== WORK INSTRUCTIONS ==
Look below for the line containing "Four women stand together" and the line containing "Green and pink", then set down both and every line between them exactly, without pictures.

*** Opening of PROVIDED INFORMATION ***

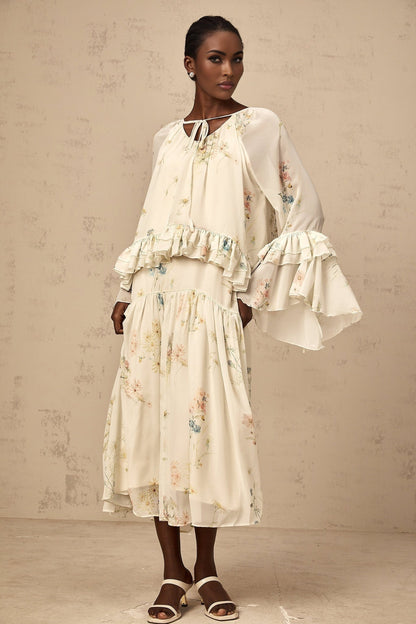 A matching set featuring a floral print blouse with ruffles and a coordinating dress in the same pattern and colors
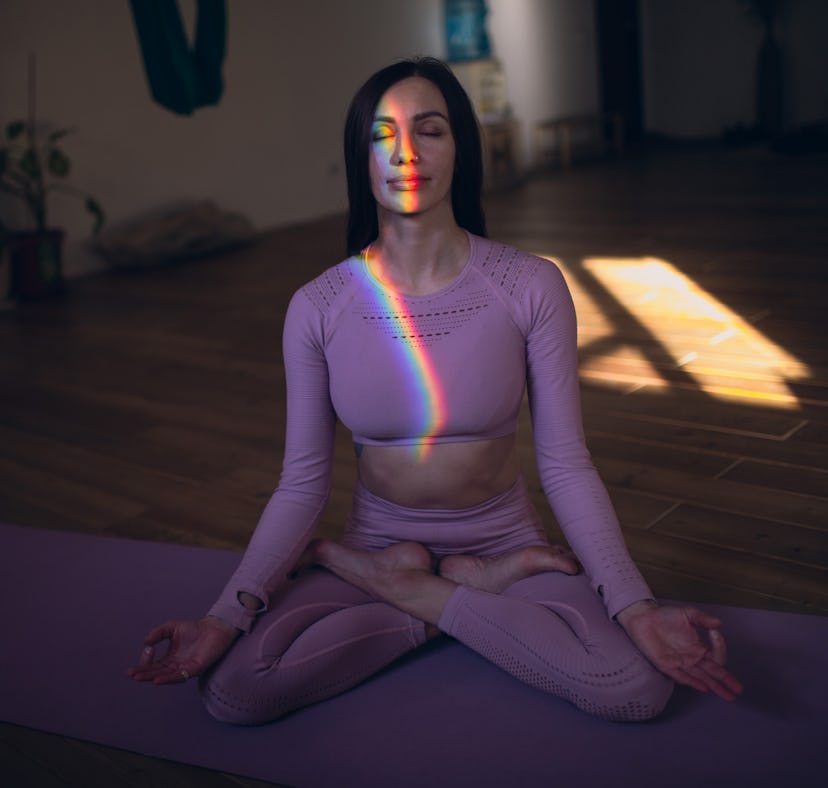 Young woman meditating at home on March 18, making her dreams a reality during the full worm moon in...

*** Close of PROVIDED INFORMATION ***
*** Opening of PROVIDED INFORMATION ***

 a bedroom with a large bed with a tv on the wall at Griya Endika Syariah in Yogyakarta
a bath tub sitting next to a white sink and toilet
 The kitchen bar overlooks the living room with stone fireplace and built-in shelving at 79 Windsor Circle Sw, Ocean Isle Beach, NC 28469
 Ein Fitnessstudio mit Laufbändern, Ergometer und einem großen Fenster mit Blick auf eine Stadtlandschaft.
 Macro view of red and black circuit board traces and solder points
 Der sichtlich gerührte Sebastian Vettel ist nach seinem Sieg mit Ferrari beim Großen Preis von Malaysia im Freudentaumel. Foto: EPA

*** Close of PROVIDED INFORMATION ***
*** Opening of PROVIDED INFORMATION ***

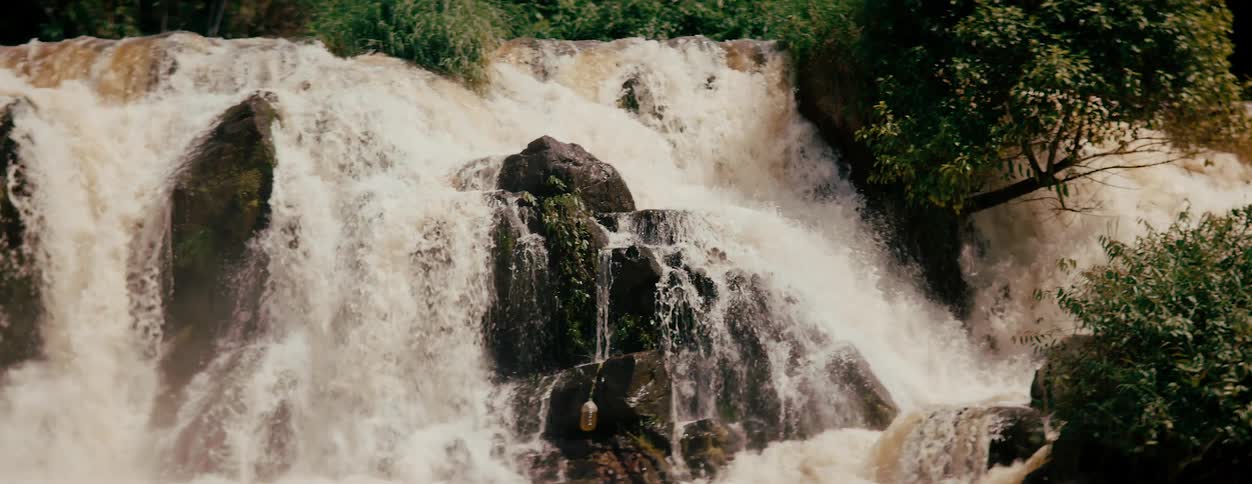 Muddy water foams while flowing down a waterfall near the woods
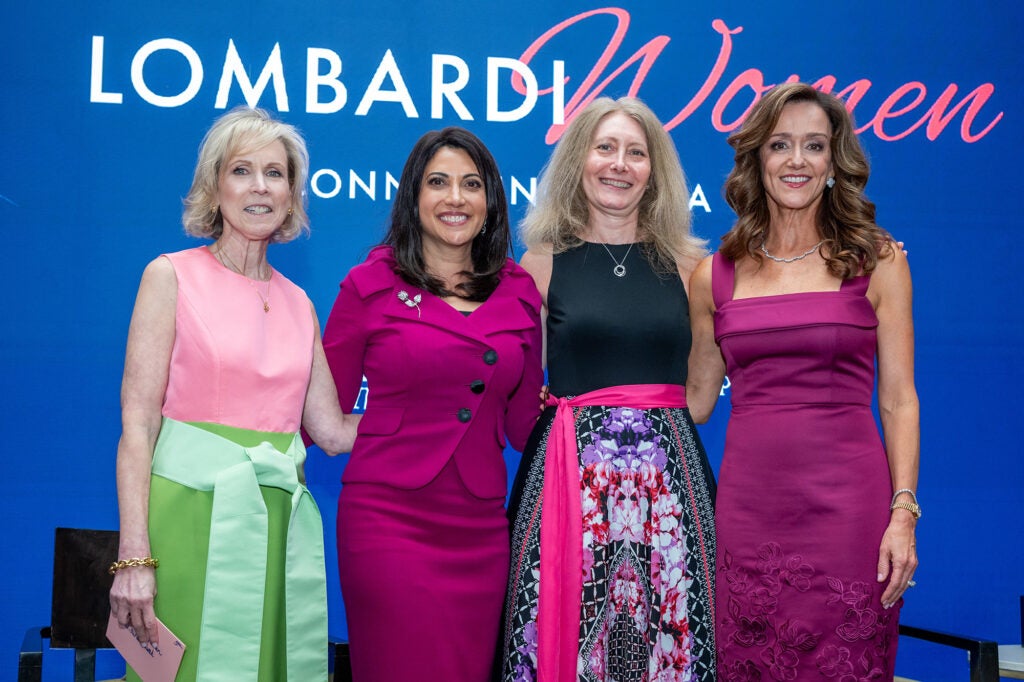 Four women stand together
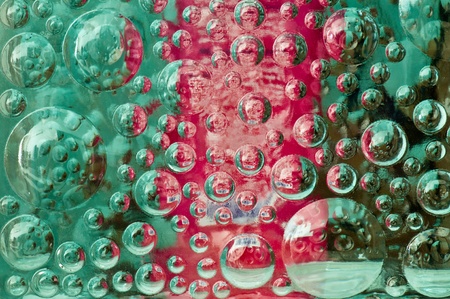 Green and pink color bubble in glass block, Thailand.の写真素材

*** Close of PROVIDED INFORMATION ***

== EXERCISE OUTPUT ==
 Four women stand together
 Green and pink color bubble in glass block, Thailand.の写真素材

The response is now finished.